For a moment you wince at the calm confidence of it all. The big bad business of buying and selling bloodstock is littered with the tales of well connected young men being swiftly relieved of the money at their disposal. But the reasons for believing this 23 year-old to be different are rooted in experience and family. Quite apart from his exploits on the track, Joseph won a Bronze Medal for Ireland in the European Pony Club Championships in Belgium and had been buying and selling them since he used his confirmation money to buy his first pony aged 12.

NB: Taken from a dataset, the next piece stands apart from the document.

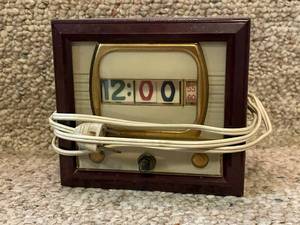 lot 523 image: Vintage Pennwood Numechron Tymeter TV Model Flip Clock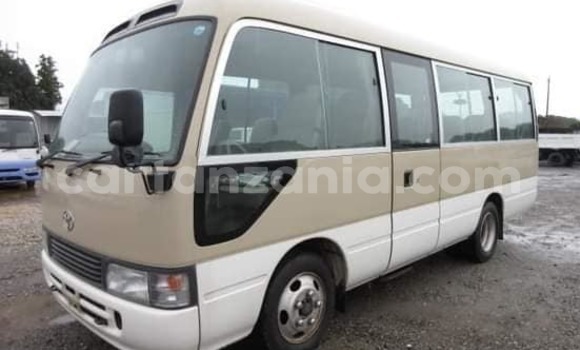 Nunua Ilio tumika Toyota Coaster Brown Gari ndani ya Mwanza nchini Mwanza Nunua Ilio tumika Toyota Coaster Brown Gari ndani ya Mwanza nchini Mwanza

But the sense of ‘family’ overrides everything else. Eight of Joseph’s thirteen flat winners have been ridden by his brother Donnacha, four of the others by his twenty year-old sister Ana, now qualified as a sports and fitness coach and riding full time with the inestimable advantage, denied to Donnacha, of being able to do eight stone. A dozen years ago some of us used to tut-tut about the way Aidan and Annemarie used to drag all four kids behind them whether it were Gowran Park or Goodwood. We wondered at the wisdom of having such little cygnets paddling round such a hazard infested pond. To see them all skudding the water now shows us we were wrong.
“This is such an all-encompassing, 24 hour a day existence,” says Anne-Marie, “that you don’t have any option but to take them with you. We brought them to the Breeders Cup when they were four or five years old and we had the best of times.” She is an important presence in the new portacabin office and who put together the Annus Mirabilis syndicate which owns a number of horses including Tuesday’s ultra impressive Galway winner Motherland. The name is appropriate because while Anne-Marie is a professional, she is a parent first.
She still worries about her children race riding and during Joseph’s brief foray over hurdles couldn’t even bear to watch it on TV. “We had no grand marvellous plan,” she says recalling the last time we met on this hillside. “Success can be very transient so we always kept things here. It’s a very unusual industry, as children of 15 and 16 can be riding work and be making an important contribution to the running of things at a very young age. And it unites us.”
Last Saturday Aidan O’Brien stopped mid track to discuss his oldest son. “He’s always been his own man,” he says of Joseph with a warmth and intensity which makes those intense head bowed post race briefings on Derby colts sound like little more than throwaway lines. “And I can’t tell you the pleasure that Annemarie and I get from him doing so well.”
‘Carriganog’ means ‘The Rock of Youth’. The youth now scaling it will please many others too.